## [PROBLEM STATEMENT]
Print the lines below from the line with "Mar 18, 2026;" to the line with "Rear Wheel Drive" exactly, keeping both ends, and print no pictures.

(Captioned web image data)
-------
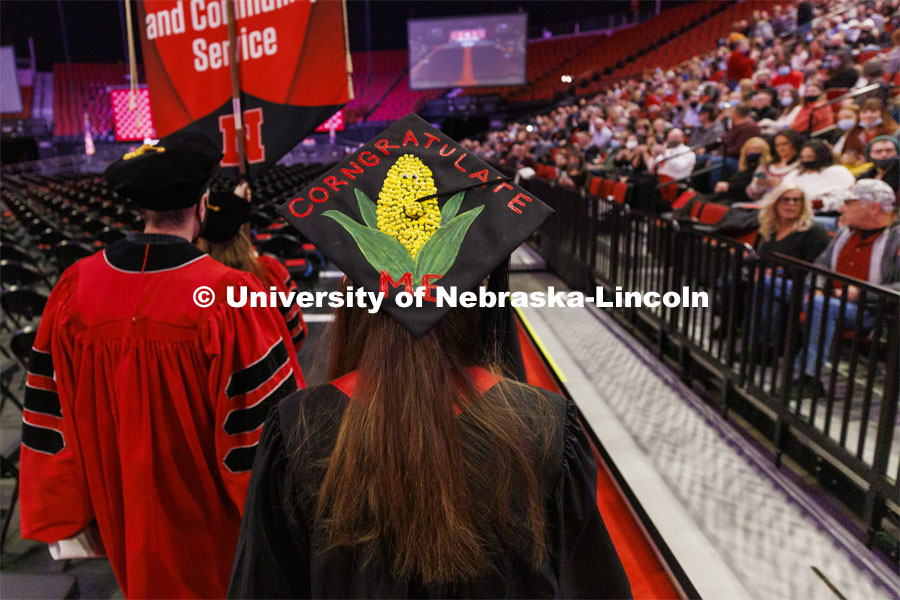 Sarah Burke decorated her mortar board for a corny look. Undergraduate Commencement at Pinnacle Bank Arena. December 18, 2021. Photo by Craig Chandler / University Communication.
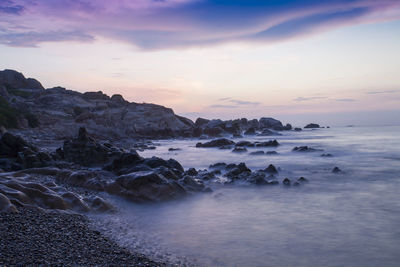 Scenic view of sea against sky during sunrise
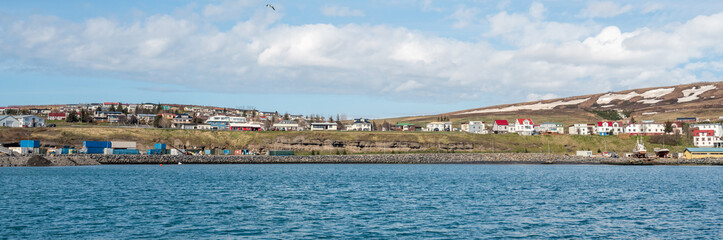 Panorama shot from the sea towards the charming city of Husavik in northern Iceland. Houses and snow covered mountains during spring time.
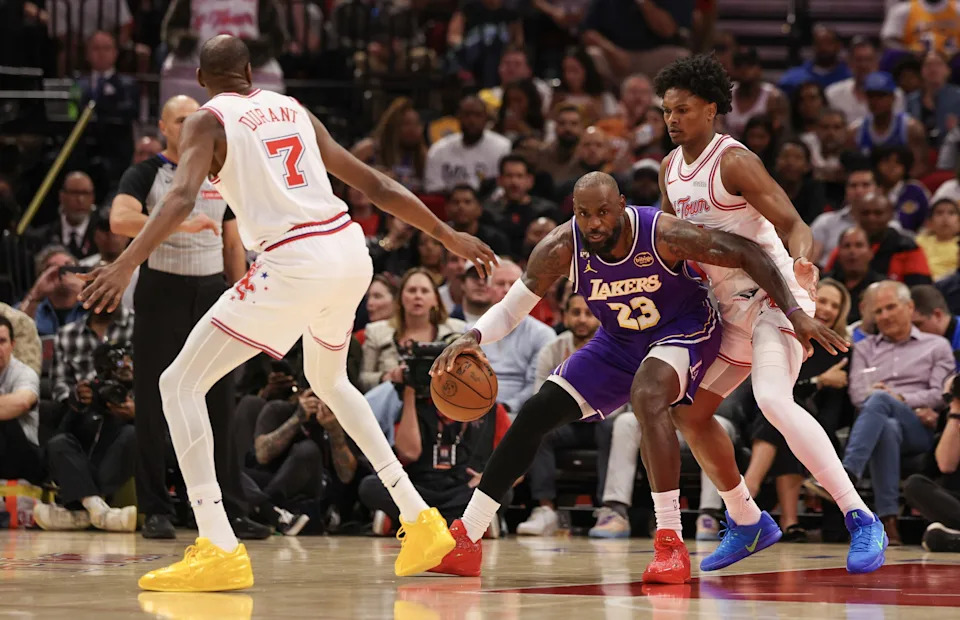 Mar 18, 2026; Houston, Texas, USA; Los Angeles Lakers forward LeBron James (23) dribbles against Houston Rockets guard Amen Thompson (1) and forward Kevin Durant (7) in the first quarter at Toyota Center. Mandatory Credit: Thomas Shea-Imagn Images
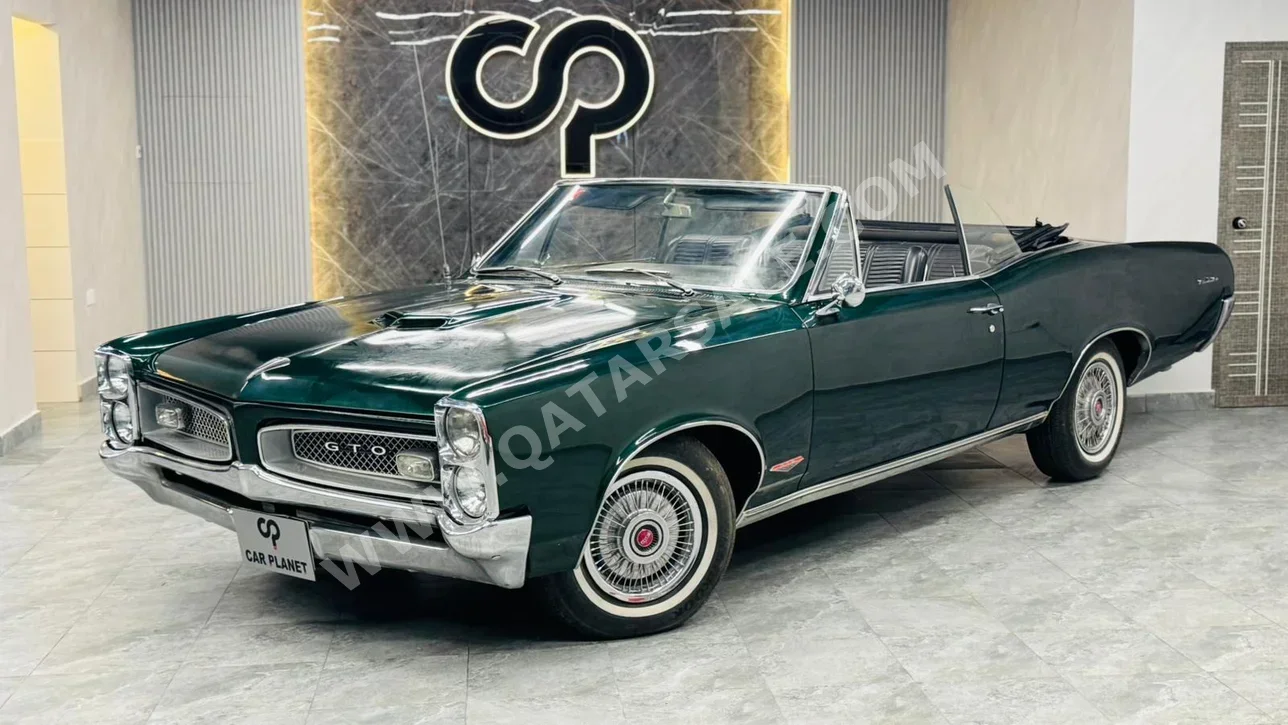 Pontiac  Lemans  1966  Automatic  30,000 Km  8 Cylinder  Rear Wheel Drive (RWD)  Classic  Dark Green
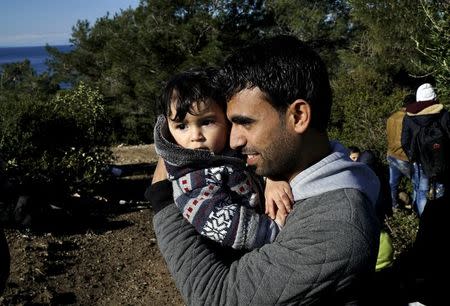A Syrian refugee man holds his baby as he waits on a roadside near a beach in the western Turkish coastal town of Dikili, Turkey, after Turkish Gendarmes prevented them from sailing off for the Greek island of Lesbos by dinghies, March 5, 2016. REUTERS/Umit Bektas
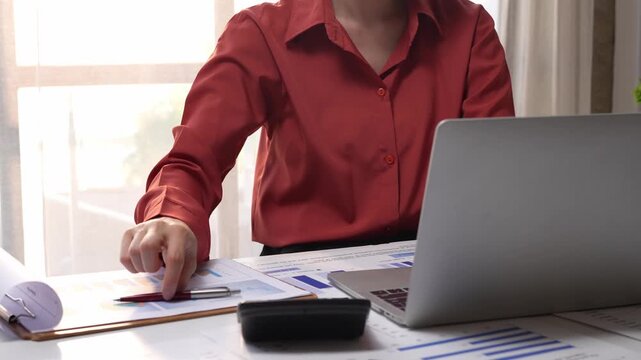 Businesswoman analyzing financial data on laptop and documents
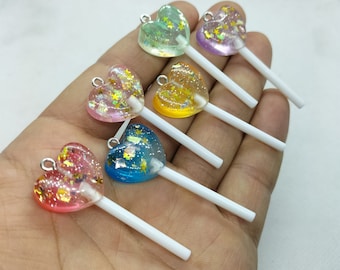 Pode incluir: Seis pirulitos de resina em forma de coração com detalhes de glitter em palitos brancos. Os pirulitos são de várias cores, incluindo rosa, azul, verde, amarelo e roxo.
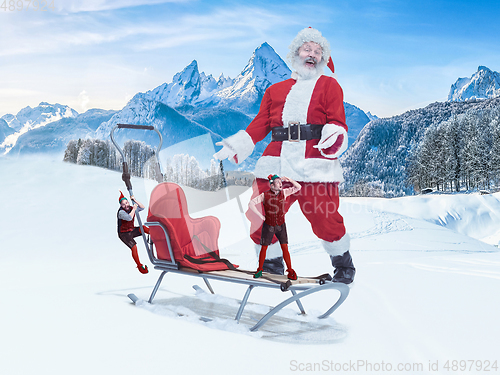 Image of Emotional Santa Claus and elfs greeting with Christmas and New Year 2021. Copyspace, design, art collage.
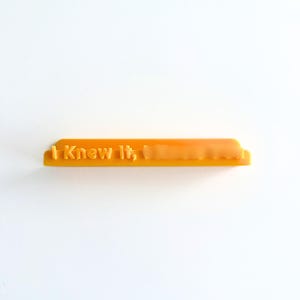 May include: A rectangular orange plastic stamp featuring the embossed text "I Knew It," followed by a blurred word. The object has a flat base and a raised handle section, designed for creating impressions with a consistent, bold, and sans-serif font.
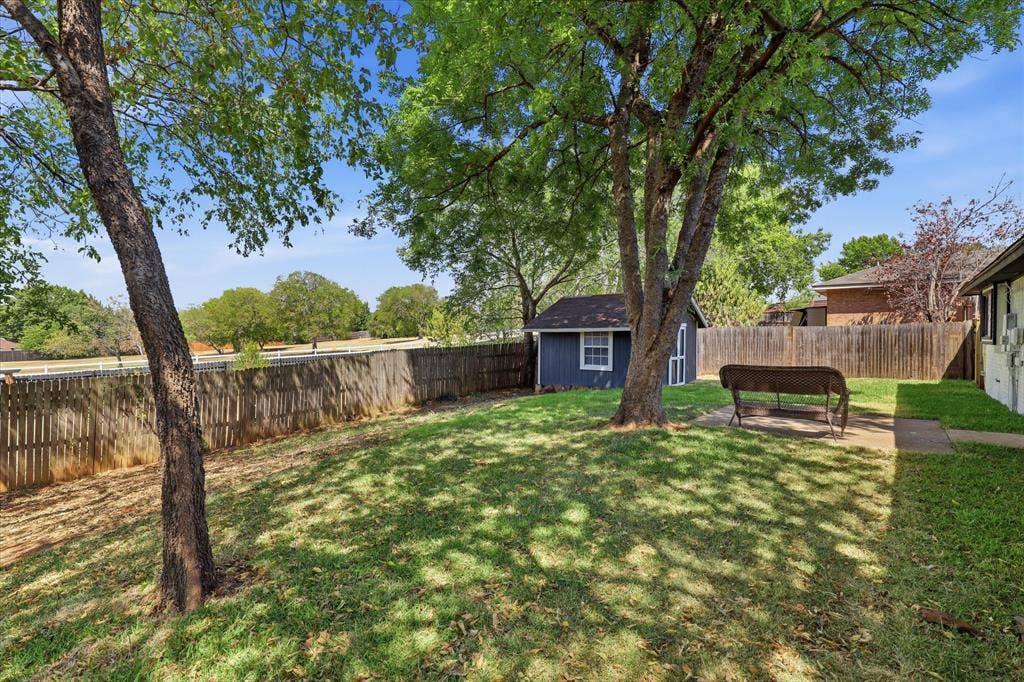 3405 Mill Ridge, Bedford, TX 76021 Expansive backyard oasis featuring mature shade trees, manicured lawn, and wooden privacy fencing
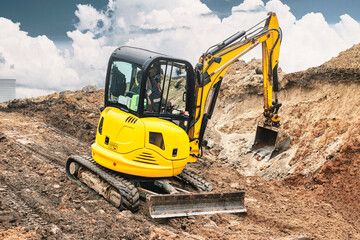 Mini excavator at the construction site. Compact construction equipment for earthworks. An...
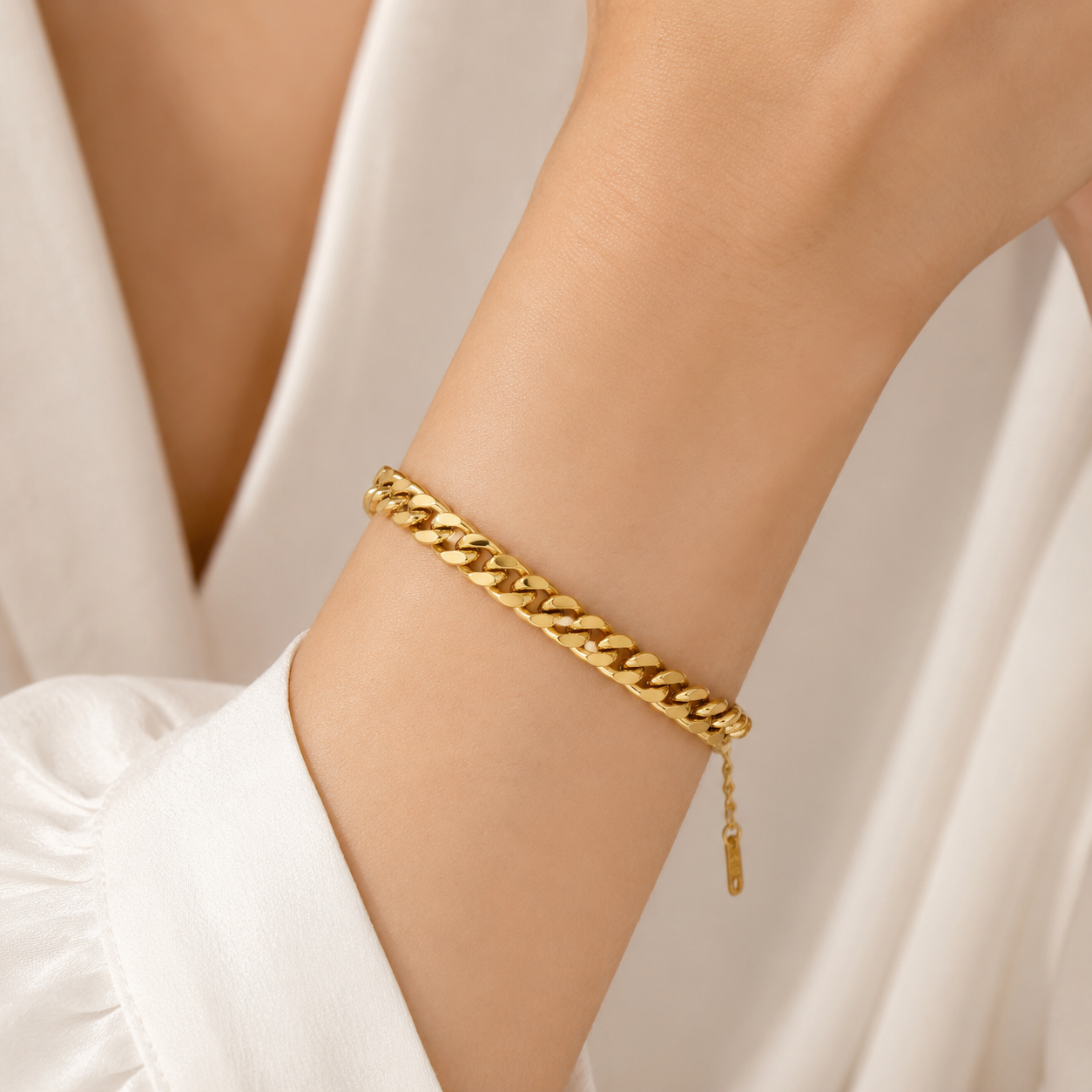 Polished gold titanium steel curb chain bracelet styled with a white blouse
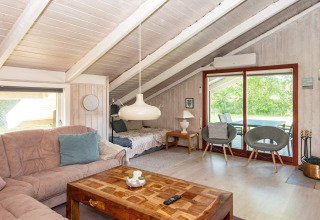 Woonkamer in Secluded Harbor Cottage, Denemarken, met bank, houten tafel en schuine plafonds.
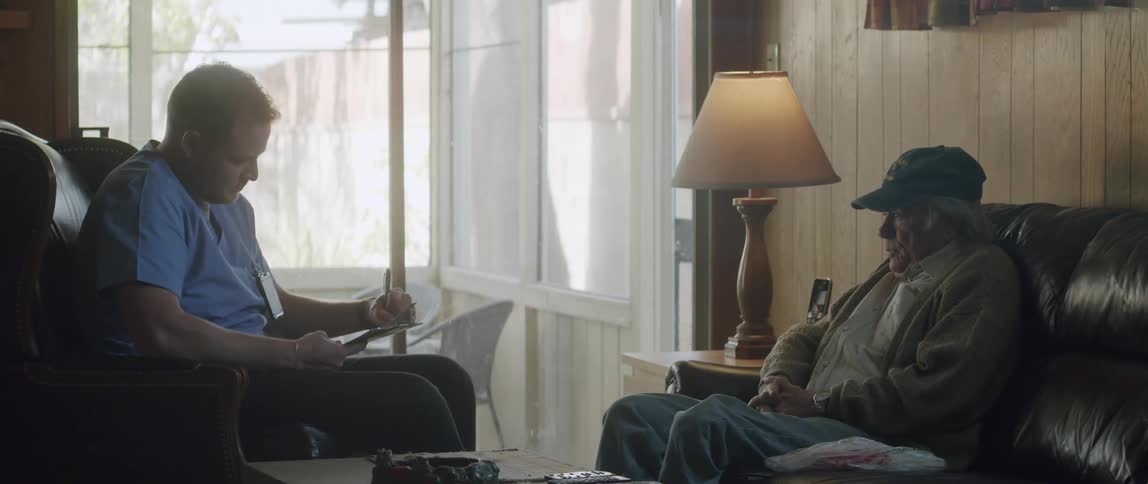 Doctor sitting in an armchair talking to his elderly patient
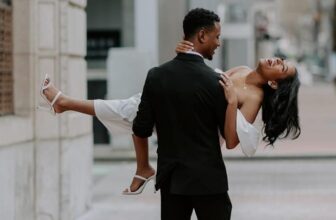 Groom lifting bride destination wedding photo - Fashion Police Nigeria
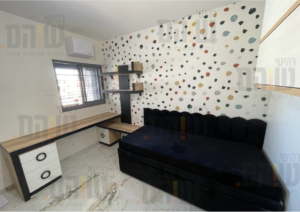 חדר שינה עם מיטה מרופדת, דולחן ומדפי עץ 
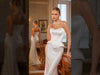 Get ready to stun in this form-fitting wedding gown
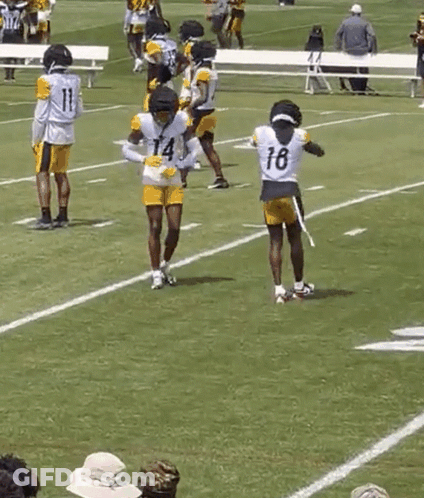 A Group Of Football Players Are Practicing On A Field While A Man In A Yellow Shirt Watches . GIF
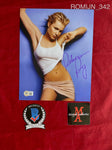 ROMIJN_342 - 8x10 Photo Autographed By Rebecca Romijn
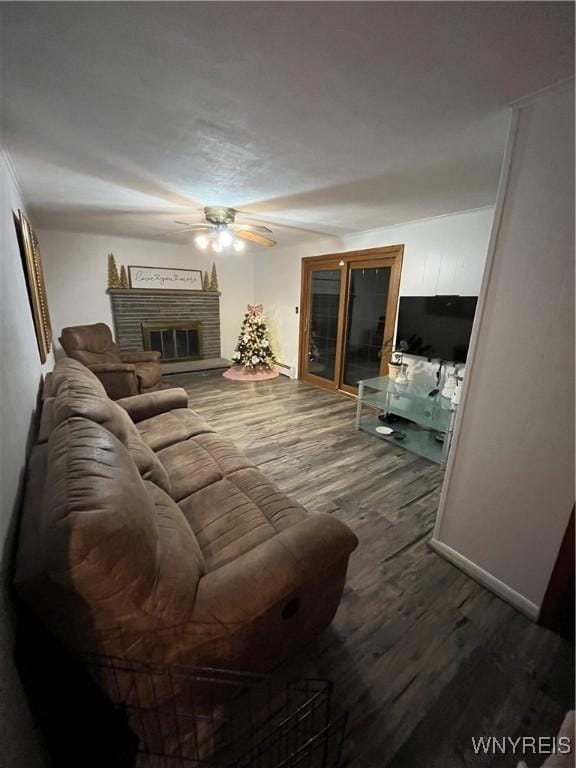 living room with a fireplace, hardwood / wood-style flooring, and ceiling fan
-------
## [RESPONSE BELOW]
 Mar 18, 2026; Houston, Texas, USA; Los Angeles Lakers forward LeBron James (23) dribbles against Houston Rockets guard Amen Thompson (1) and forward Kevin Durant (7) in the first quarter at Toyota Center. Mandatory Credit: Thomas Shea-Imagn Images
 Pontiac  Lemans  1966  Automatic  30,000 Km  8 Cylinder  Rear Wheel Drive (RWD)  Classic  Dark Green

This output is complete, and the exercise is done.